SMETHPORT — Larry Julian will present the program, “The Story Behind the Dam,” that tells the story of the Kinzua Dam, Thursday at the annual fall dinner meeting of the McKean County Historical Society at the East Smethport United Christian Church.
Dinner is slated for 6 p.m.
The dam and Allegheny Reservoir, also known as Kinzua Lake, are located in Warren and McKean counties and in New York in Cattaraugus County. The Pennsylvania section is surrounded by the Allegheny National Forest. In New York, it’s the Allegany State Park and the Allegany Reservation of the Seneca Nation, a member of the Iroquois Nation.
While the U.S. Army Corps of Engineers said the construction of the dam was necessary to prevent flooding of Pittsburgh, this controversial project, which began under the Eisenhower Administration in 1960, continued through completion after President John F. Kennedy turned down a Seneca request for halting the work.
The government took the Seneca land by eminent domain and proceeded to clear 10,000 acres of the Allegany Reservation, or approximately one-third of the land granted to the Seneca Nation in a treaty going back to George Washington’s time.
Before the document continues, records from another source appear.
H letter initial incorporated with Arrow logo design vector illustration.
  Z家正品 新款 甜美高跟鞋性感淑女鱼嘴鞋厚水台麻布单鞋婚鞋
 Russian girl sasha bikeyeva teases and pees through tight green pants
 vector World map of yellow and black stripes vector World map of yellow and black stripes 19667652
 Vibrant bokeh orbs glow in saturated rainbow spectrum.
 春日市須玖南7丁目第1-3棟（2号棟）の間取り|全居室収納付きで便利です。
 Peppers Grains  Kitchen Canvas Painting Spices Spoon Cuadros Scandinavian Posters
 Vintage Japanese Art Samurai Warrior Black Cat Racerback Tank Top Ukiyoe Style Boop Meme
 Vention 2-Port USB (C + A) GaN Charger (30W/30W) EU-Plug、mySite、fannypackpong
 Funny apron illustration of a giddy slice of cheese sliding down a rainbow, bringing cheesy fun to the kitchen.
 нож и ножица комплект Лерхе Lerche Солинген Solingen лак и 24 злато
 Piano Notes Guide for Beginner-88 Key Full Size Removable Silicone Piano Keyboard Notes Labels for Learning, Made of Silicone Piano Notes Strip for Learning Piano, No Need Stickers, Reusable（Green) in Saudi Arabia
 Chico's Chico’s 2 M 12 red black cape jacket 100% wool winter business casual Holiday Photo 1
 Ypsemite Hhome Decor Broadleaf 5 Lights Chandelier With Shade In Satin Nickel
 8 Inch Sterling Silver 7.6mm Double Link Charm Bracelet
One of Washington’s representatives and Chief Cornplanter signed the treaty that stated the U.S. government would never take the land.
Appeals by the Seneca Nation were unsuccessful.
Many cemeteries had to be relocated during the construction in the early 1960s.
“My mother was a Seneca and she lived on the reservation,” said Julian, who retired from the United States Secret Service. “I want to tell this story from the Senecas’ point of view.”